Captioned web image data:
+-------+
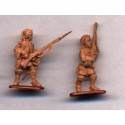 Figurine Dismounted French Dragoons in Skirmish 1/72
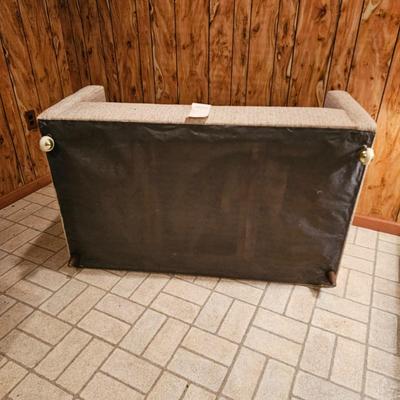 Sealy Queen Size Sleeper Sofa & Matching Loveseat (BDF-JS)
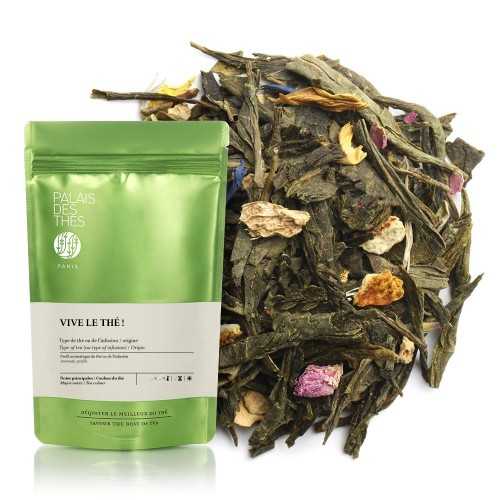 Thé Vive Le Thé ! Bio Palais Des Thés en vrac Thé Vert Parfumé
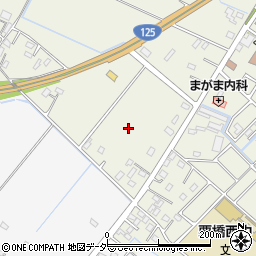 埼玉県久喜市間鎌周辺の地図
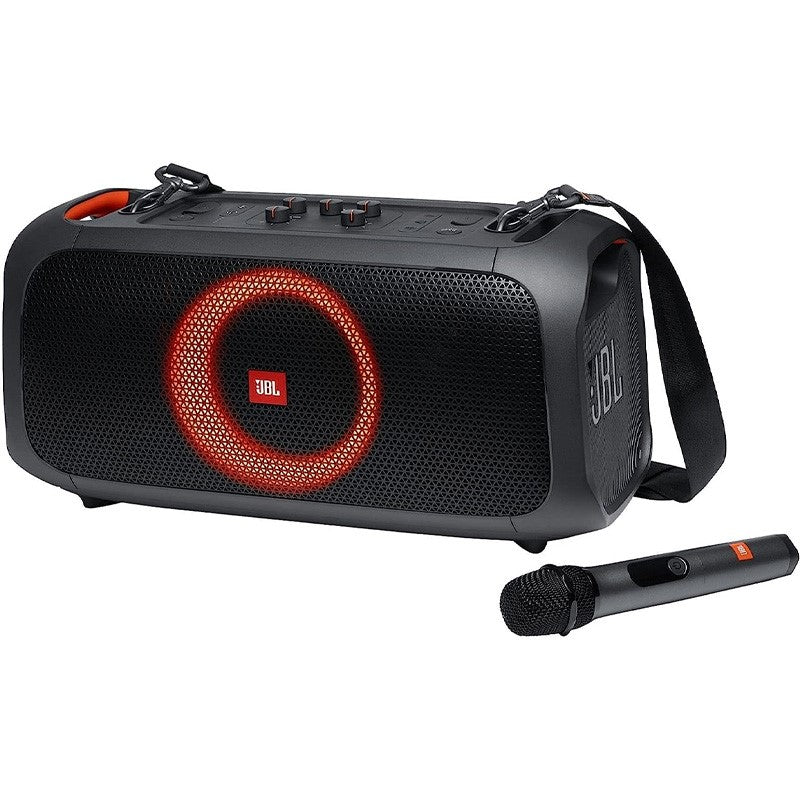 Party Box On-The-Go Wireless Multimedia Portable Bluetooth Speaker PartyBox On-The-Go, Black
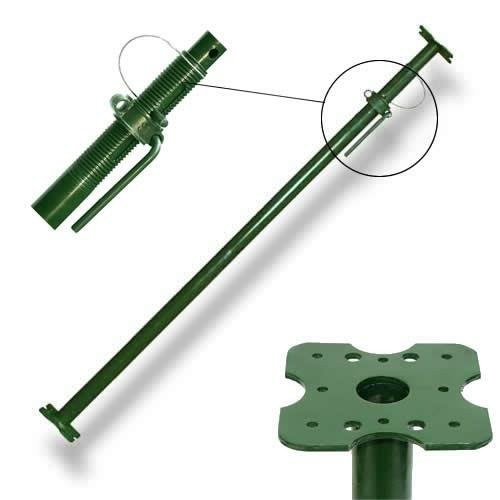 Adjustable acrow prop - prop, 1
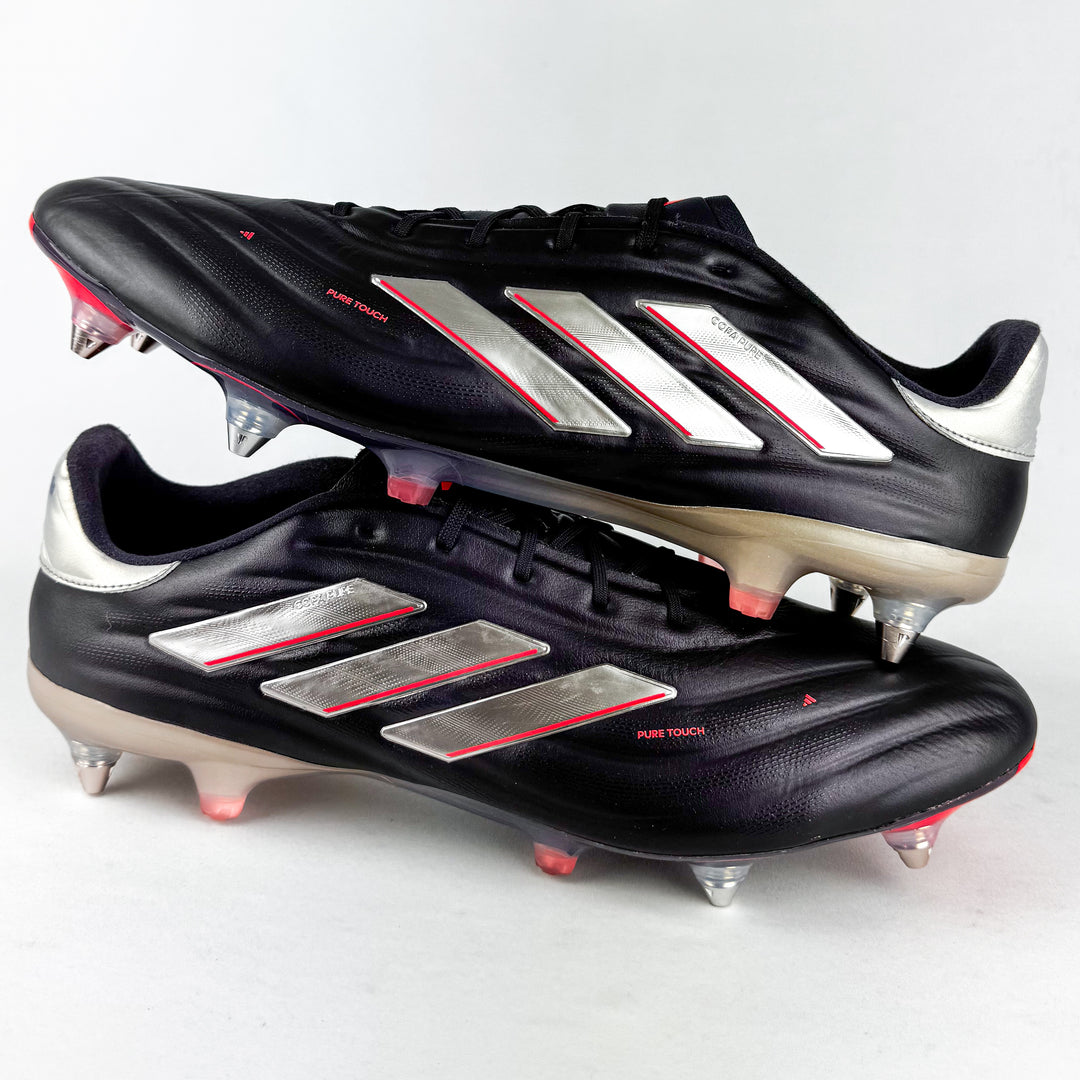 Adidas Copa Pure II .1 SG - Aurora Black/Platinum Metallic/Turbo *In Box*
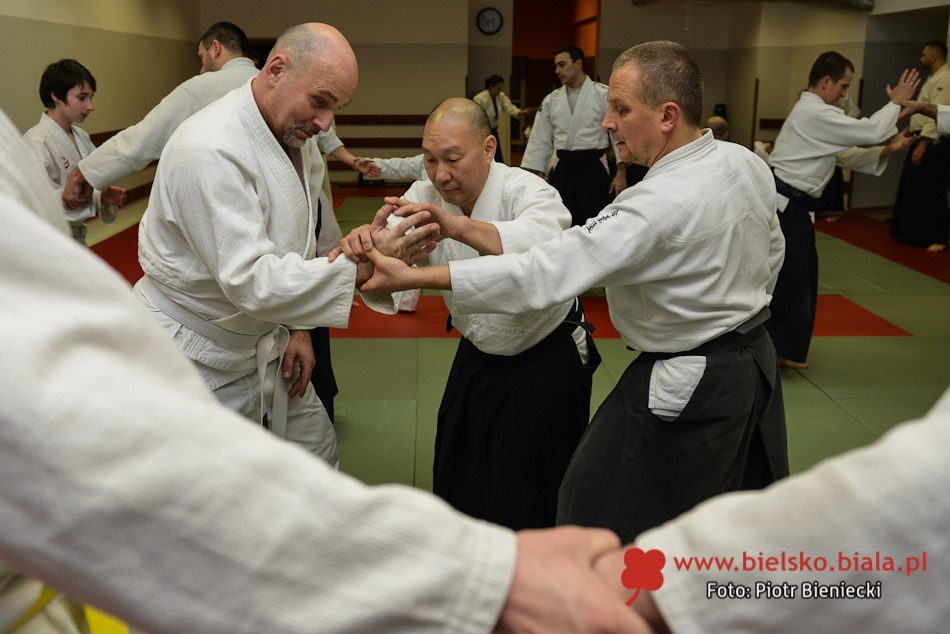 Bielskie dojo z wielkim mistrzem - foto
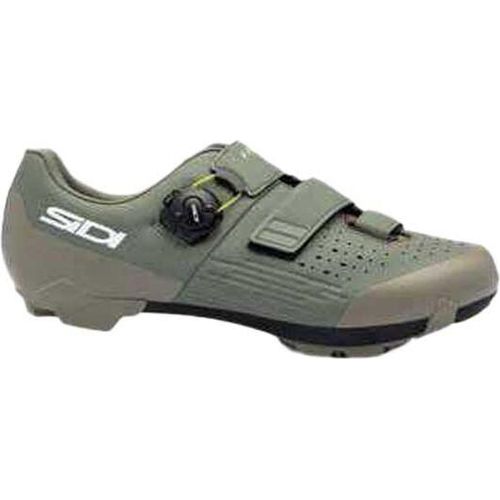 Sidi MTB SILVIS XC dark gray 43 Grau - leistungsstarker MTB-Schuh für XC und ...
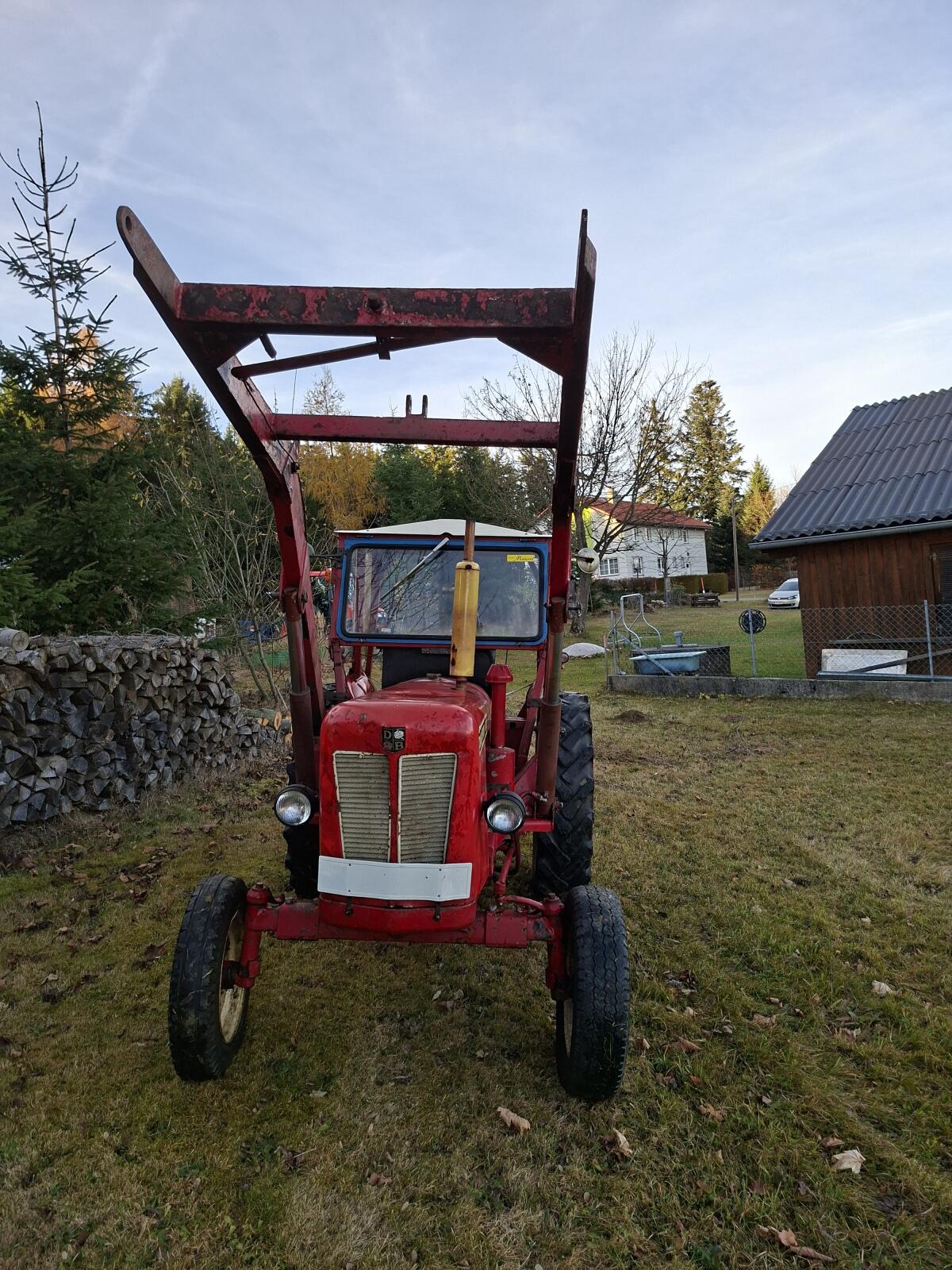 Traktor David Brown 880 3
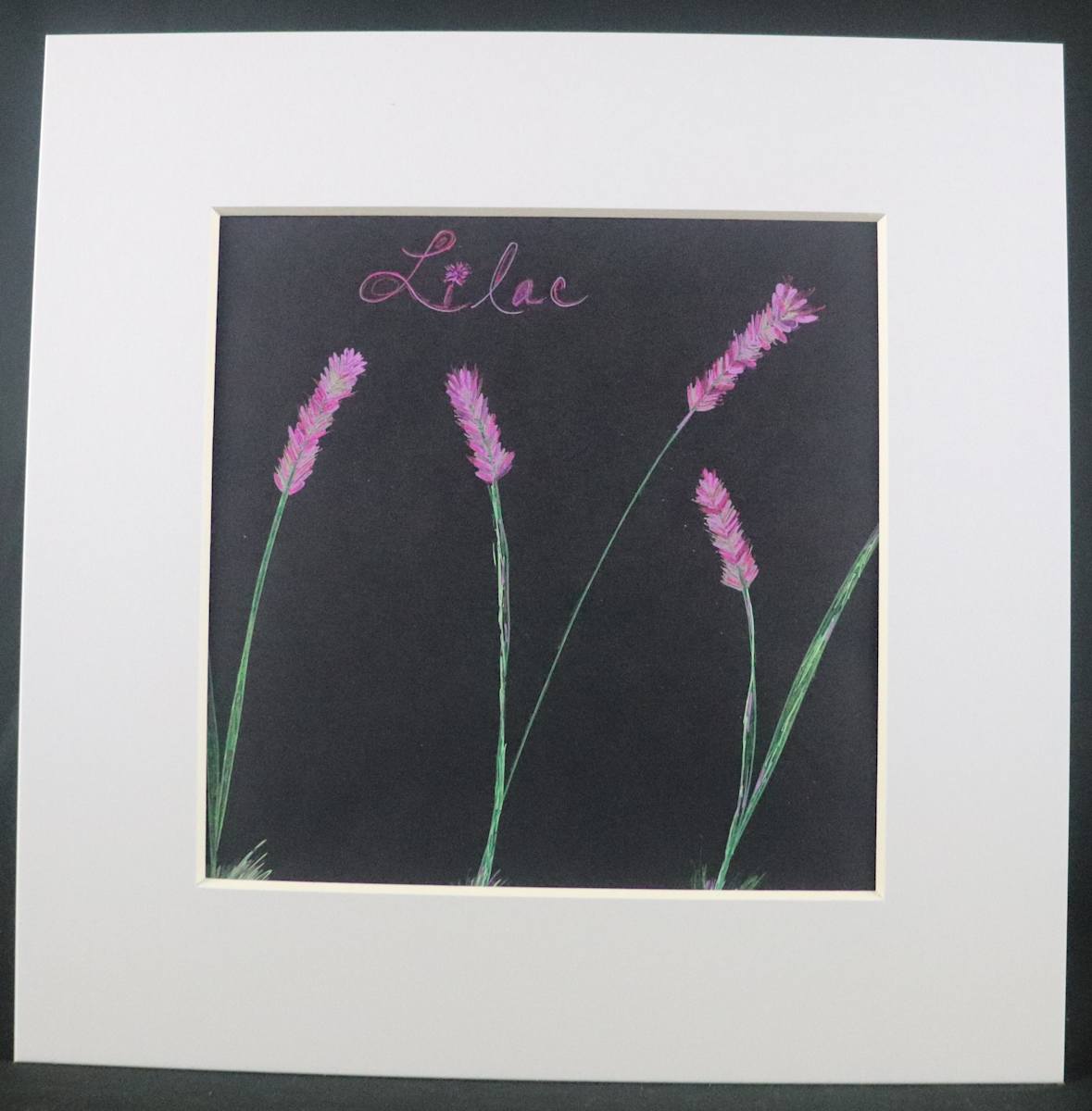 Lilacs by Hiliary A. Blalock 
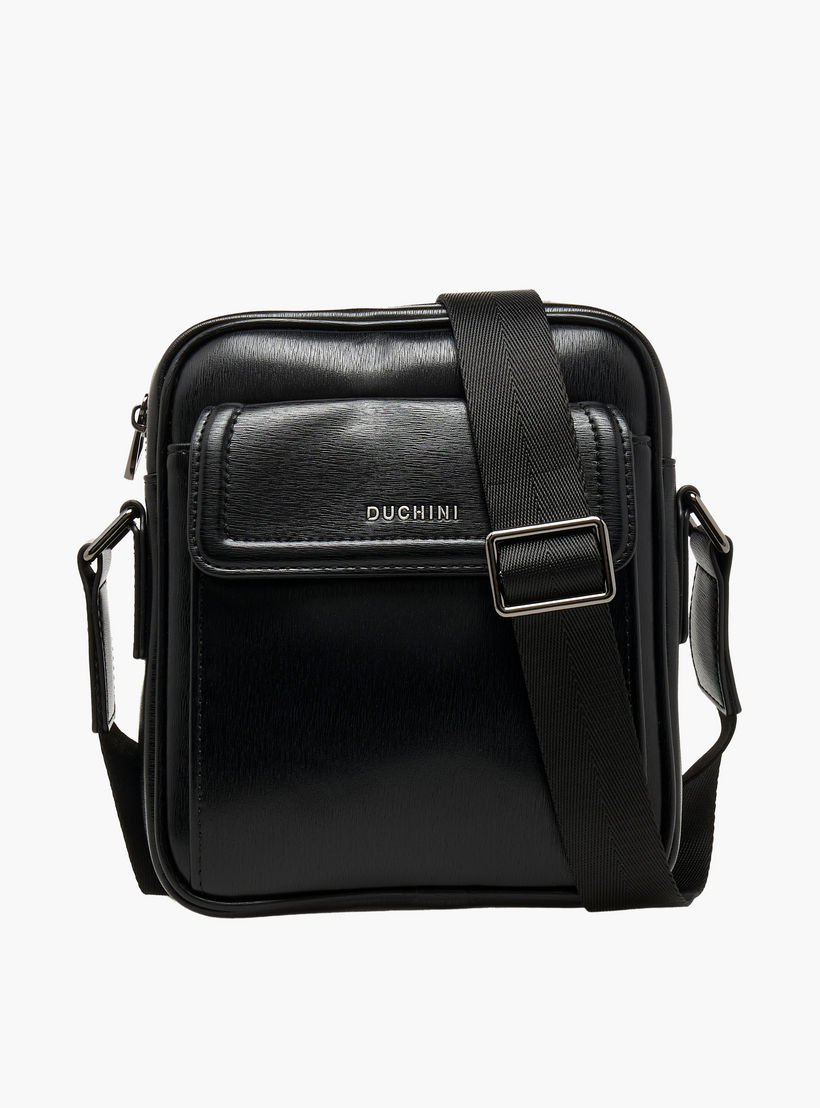 Duchini Men Adjustable Strap Crossbody Bag-travel-accessories-image-1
+-------+
**Work request:** Return only the lines running from the top of the data to the line that holds "Adjustable acrow prop - prop, 1". Include both of those lines, but skip the pictures.

**Expected output:**
 Figurine Dismounted French Dragoons in Skirmish 1/72
 Sealy Queen Size Sleeper Sofa & Matching Loveseat (BDF-JS)
 Thé Vive Le Thé ! Bio Palais Des Thés en vrac Thé Vert Parfumé
 埼玉県久喜市間鎌周辺の地図
 Party Box On-The-Go Wireless Multimedia Portable Bluetooth Speaker PartyBox On-The-Go, Black
 Adjustable acrow prop - prop, 1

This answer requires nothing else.